Web Bonus! Cooking With Karl!

Enjoying a meal from the cookbook that’s got everybody talking!

It’s not a bad day at the office when Karl Wells invites you into his beautiful St. John’s home with the offer to cook lunch. The former CBC weather man and well known ‘foodie’ is busy promoting his Cooking with One Chef, One Critic cookbook, based on the popular Rogers Television show he hosts along with Central Dairies Executive Chef, Steve Watson.

Now six years in, One Chef, One Critic has become a beloved staple of local television, both for its inspiring meals and compelling guests. For Wells, it’s another successful chapter of an already accomplished career, and the best it seems, is yet to come.

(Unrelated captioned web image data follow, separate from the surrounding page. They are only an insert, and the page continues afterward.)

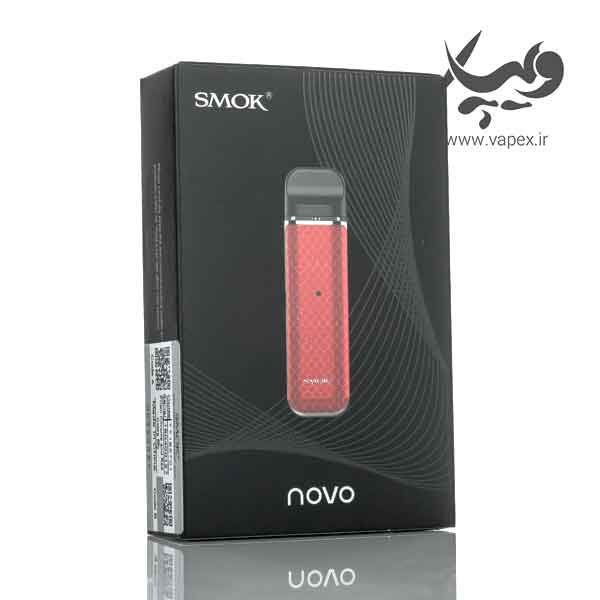 دستگاه اسماک SMOK NOVO جعبه پکیج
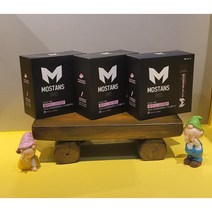 모스탄스 블랙믹스 검은콩환, 블랙믹스 검은콩환 3개월분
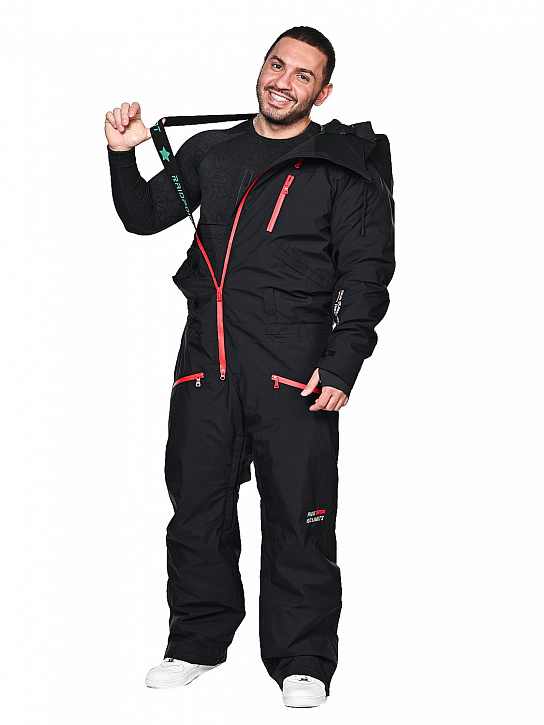 Комбинезон AA-0159 Черный_фото_7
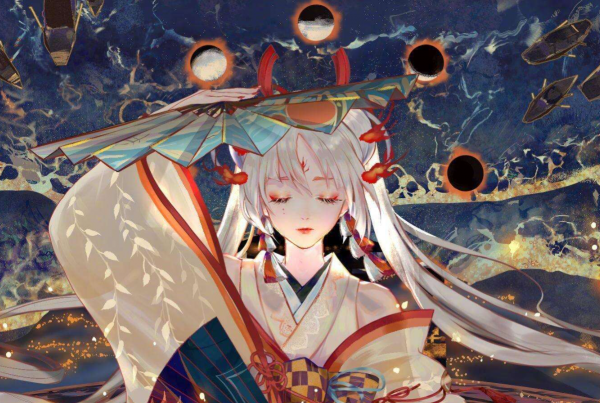 陰陽師開展“藝術靈感企劃”，策劃：我不行，但我可以找大神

Preparing a meal straight out of the cookbook, Pan-?Roasted Chicken in Cream Sauce (pg. 98), as delicious smells fill his kitchen, Wells talks candidly about his love of food and why he absolutely isn’t retired.


When asked about the root of his love of cooking, the story goes back to his childhood. “It’s a family thing, ”he says. “My Dad was a cook, an actual chef, who worked on the railway. He ran a hotel in Buchans which belonged to the mining company and he cooked there as well. He also cooked on the base in Gander during the Second World War, then he got into the grocery business and he was a butcher as well. I watched my Dad cook when I was growing up, it was brilliant. He did everything with a lot of ease.”

Growing up with an appreciation of food and the art of preparing it, Wells has been judging cooking competitions for years, contributes to the Telegram with local restaurant reviews, and of course helps steer the One Chef, One Critic ship with Steve Watson on Rogers. The show, admittedly run on the meagre budget that comes with community programming, has enjoyed immense success. And, a huge part of that success comes down to the entertaining chemistry between Wells and?Watson.

The two originally met during a Christmas weather segment about stuffing a turkey in the early 1990s. “That was the first time Steve had ever appeared on TV. I thought ‘God, what have I created?’ It was obvious to me he was a big ham. I had a ham stuffing a turkey,” he says with a laugh.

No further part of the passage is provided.